かつてシェリフ・オフィスに勤務していた彼にとって戦闘隊長の言葉は胸に突き刺さるのだろう。
 一方、シェリフ助手であったハリエットは、スカッド・フリーダムへ並々ならぬ対抗意識があるようで、
反論こそ踏み止まっているものの、先程から口先を尖らせている。これで憤りを示すつもりなのだ。
 しかし、ハリエットの憤りとて実績の前には愚かしい虚栄に過ぎない。
スカッド・フリーダムがシェリフに代わって世界の治安を守ってきたのは、揺るがし難い事実であった。
そして、彼らは今後も民の為の戦いを続けていく覚悟を固めたようだ。

「……オイラもちと口が悪くなっちまいましたな。申し訳ねぇ。
ドンパチやってるときに限って火事場泥棒を働くバカが増えるってコトは佐志も実感してんだ。
ありがてぇコトにココは迎え撃つ準備が完璧でね。今のところは守り切れちゃいるが、他のトコは……」
「ええ、アウトローの被害は日増しに多くなっています。……ギルガメシュならいざ知らず、
同じ世界の人間の食い物にされるなど信じられますか? これは由々しき事態です」

 エヴァンゲリスタの話を受けて、傍聴用の席からどよめきが起こった。
Bのエンディニオンを取り巻く悲惨な状況は、皆の予想を遥かに上回っていたと言うことだ。
 アシュレイの胸中にもやりきれない思いが込み上げており、
「手を取り合わなければならないときに、何をやってるんだ、一体……」と堪り兼ねたように頭を振っている。
嘆息する愛妻を離れた場所から見守るしかないカミュもまた沈痛な面持ちだ。
 アシュレイの嘆きに重苦しく頷いたエヴァンゲリスタは、
傍聴者のどよめきをもまとめて引き受けるように「これを取り締まるのが、我々の使命なのです」と二の句を継いだ。

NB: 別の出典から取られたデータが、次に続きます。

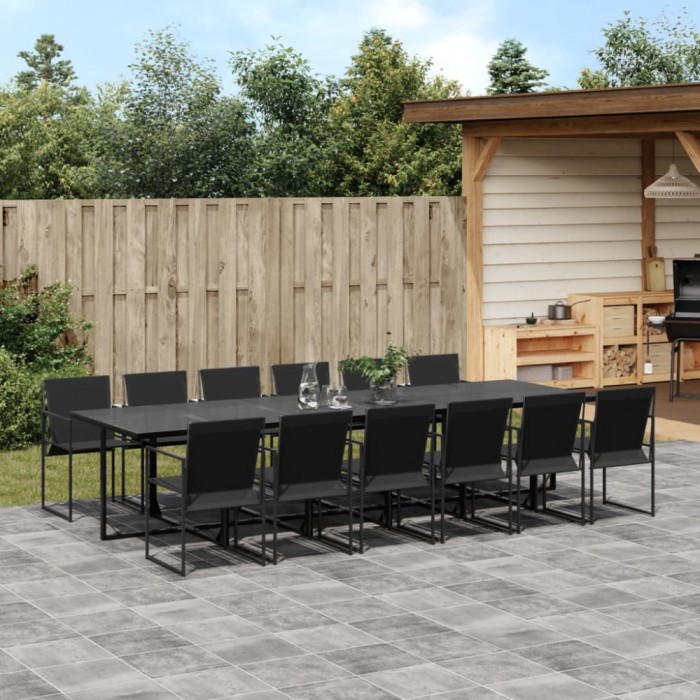 Gossi set mobilier de gradina, 13 piese, negru, textilena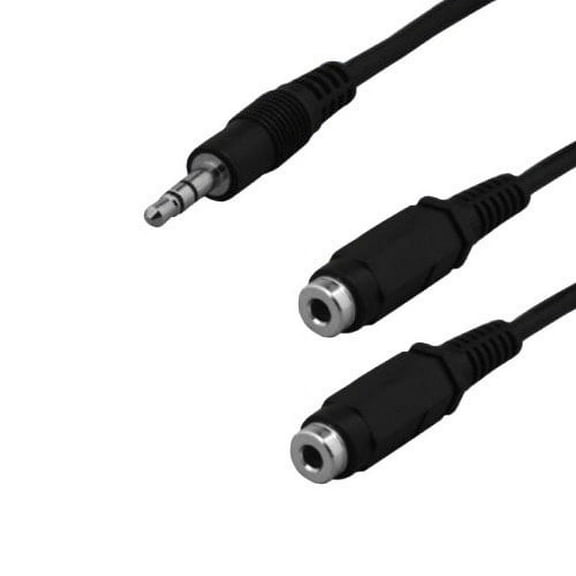 Kentek 6" 3.5mm AUX Auxiliary Male to Female x2 M/Fx2 Stereo Audio for PC iPod iPhone MP3 Car Monitor Splitter Extension Y Cable Cord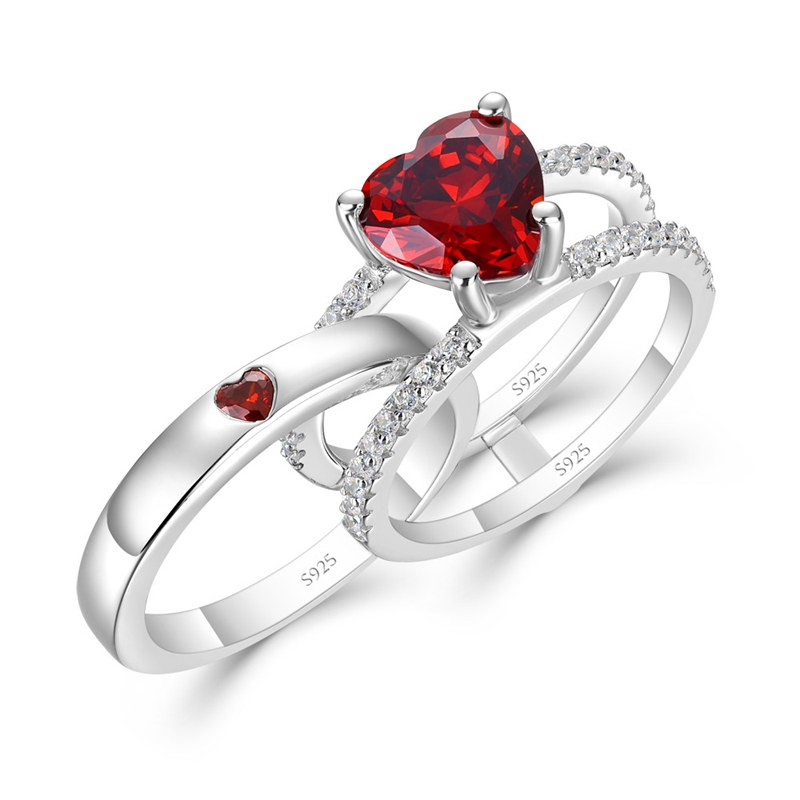 Heart Cut Ruby 925 Sterling Silver Insert Promise Ring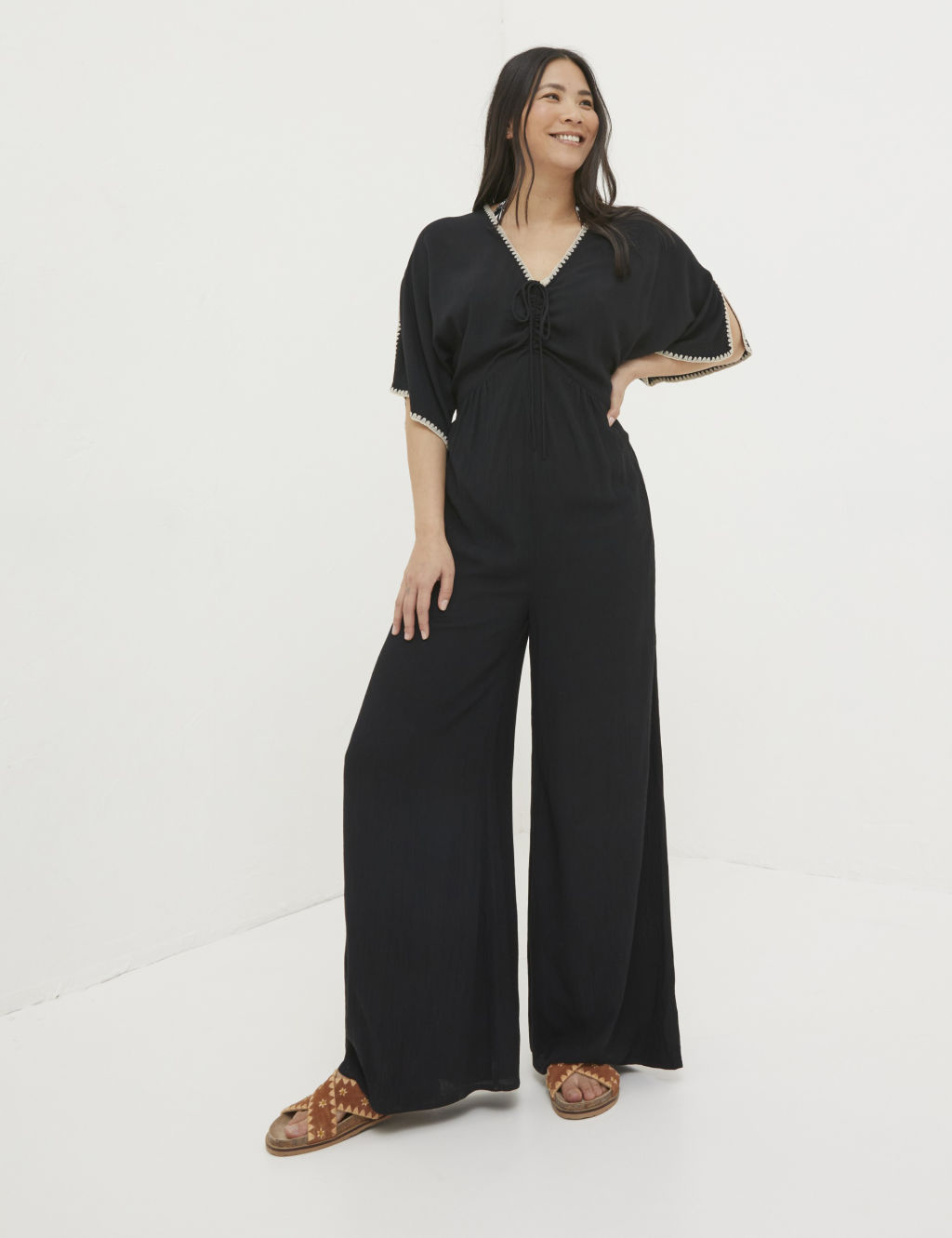 Embroidered Short Sleeve Jumpsuit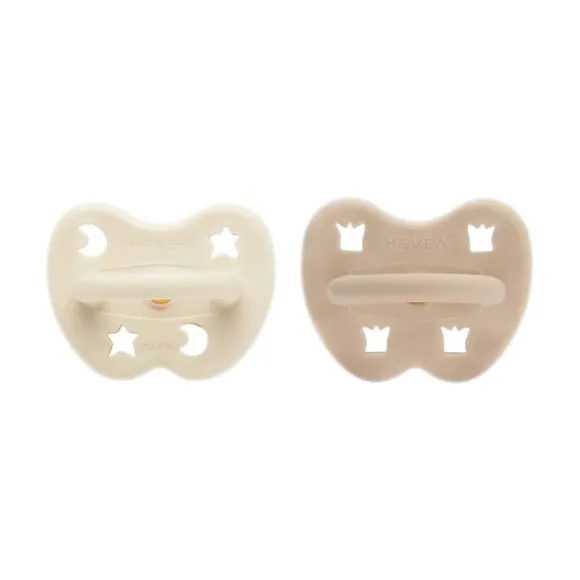 Hevea Orthodontische Fopspeen - 3-36 Mnd - 2 Stuks - Milky White / Sand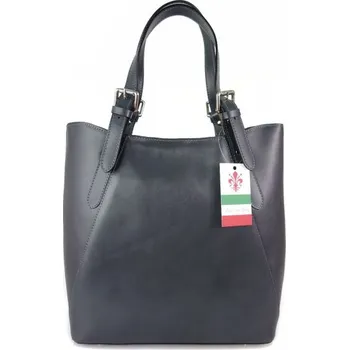 Kabelka Kožená kabelka přes rameno Vera Pelle 0145 šedá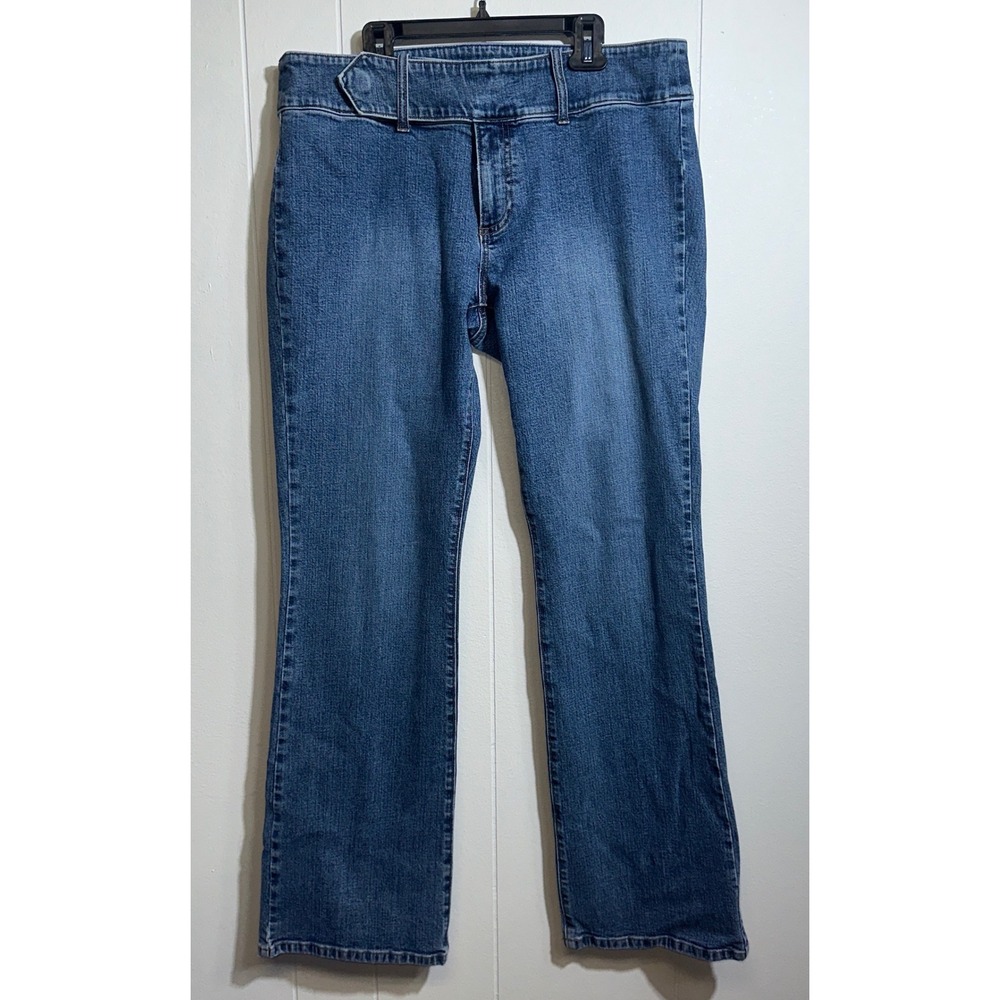 Gap‎ Factory Store Womens Blue Bootcut Jeans Medium Wash Seam Detail Size 12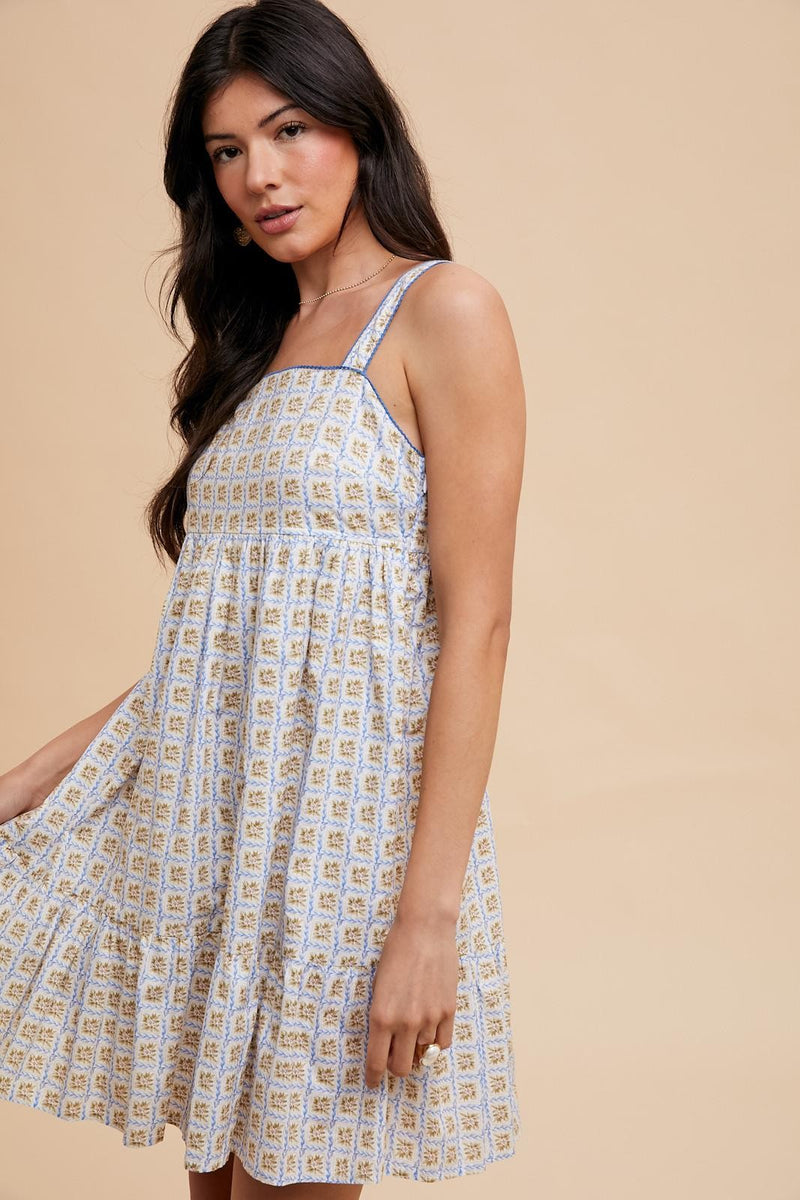 Blue Floral Print Sleeveless Ruffle Hem Mini Dress– PinkBlush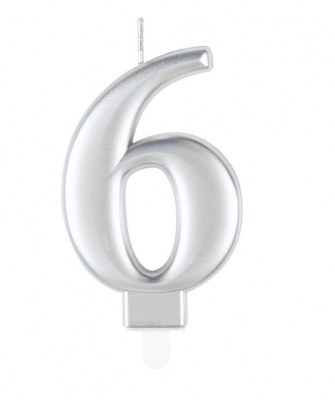 Metallic Silver Number 6 Birthday Candle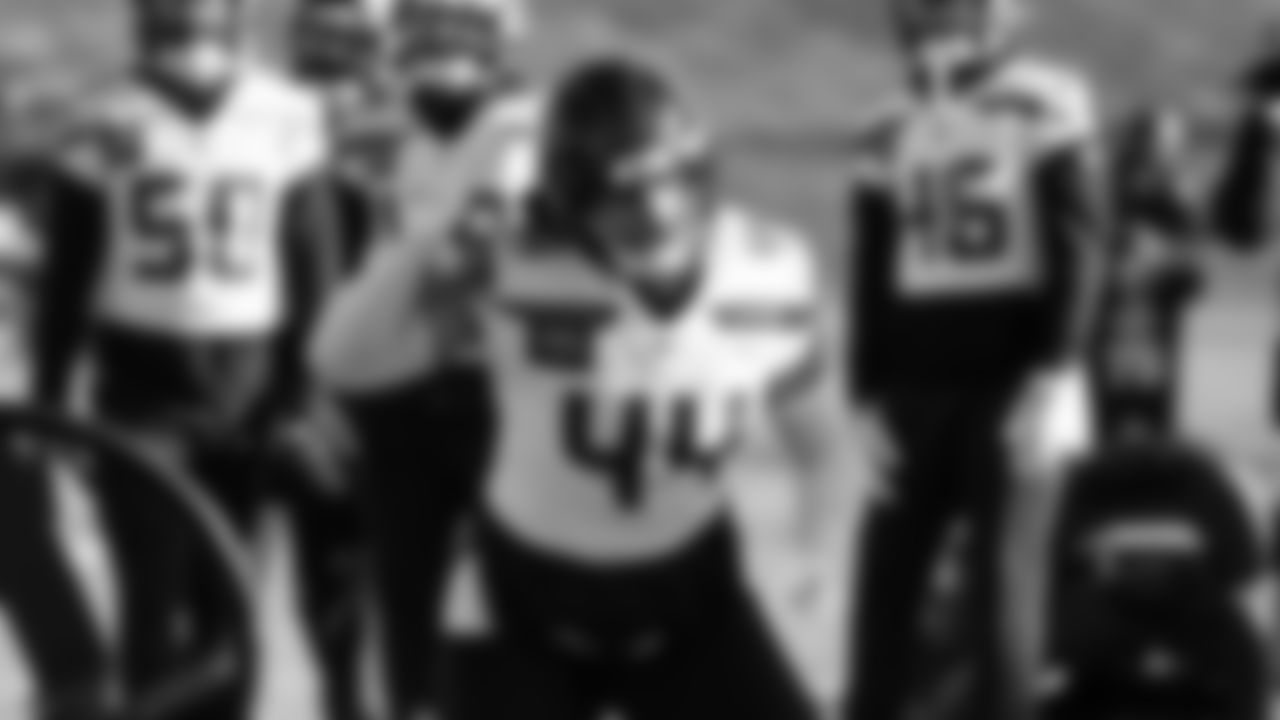 Seahawks linebacker Chazz Surratt (44) practiced on Wednesday, January 21, 2026 at the Virginia Mason Athletic Center.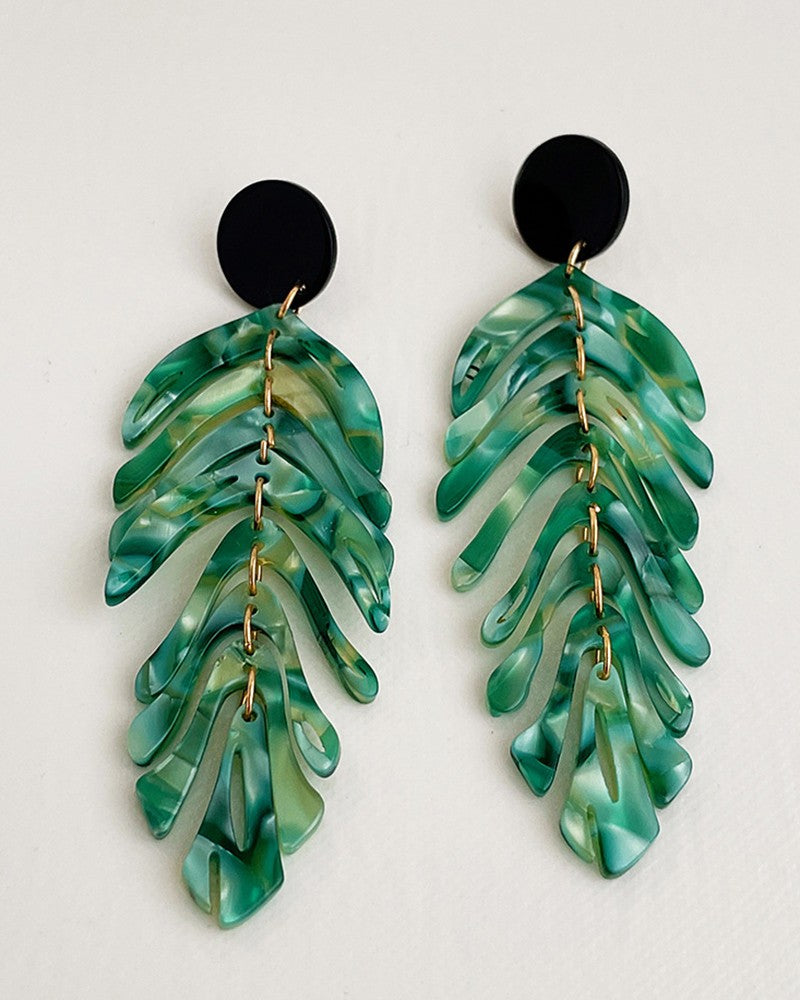 1Pair Leaf Shaped Tassel Drop Earrings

「二千の同志を各地に派遣していますが、……正直申し上げて、状況は芳しくありません」
「もしや、グドゥーでの合戦が影響してるってんですかい? 負けたオイラたちの世界(ほう)が……」
「ああ、いえ。今のところ、そう言ったケースは確認されていません。問題は、我々の世界にやって来た方々のことです」
「難民が――ですか? ……それを言うなら、町を焼け出された私たちも難民に違いはないのだが」

 次々と降りかかるBのエンディニオンの窮状に打ちのめされてしまったのか、
遠くからカミュが案じる中、アシュレイは自虐的な呟きを引き摺りながら俯いてしまった。
 一方のエヴァンゲリスタも自分の不躾な発言の所為でアシュレイを傷付けたと誤解し、
悔恨の表情(かお)で説明を途絶させている。
外見に反して繊細な彼は、このまま話を続けて良いものか否か、大いに葛藤していることだろう。
 第一会議室に垂れ込めた重苦しい沈黙を拭い取るべく動いたのはマユであった。
彼女はグリーニャやシェルクザールの境遇に沿った呼称として「戦災者」を示し、
Aのエンディニオンの「難民」と分けて考えるようエヴァンゲリスタとアシュレイに言い諭した。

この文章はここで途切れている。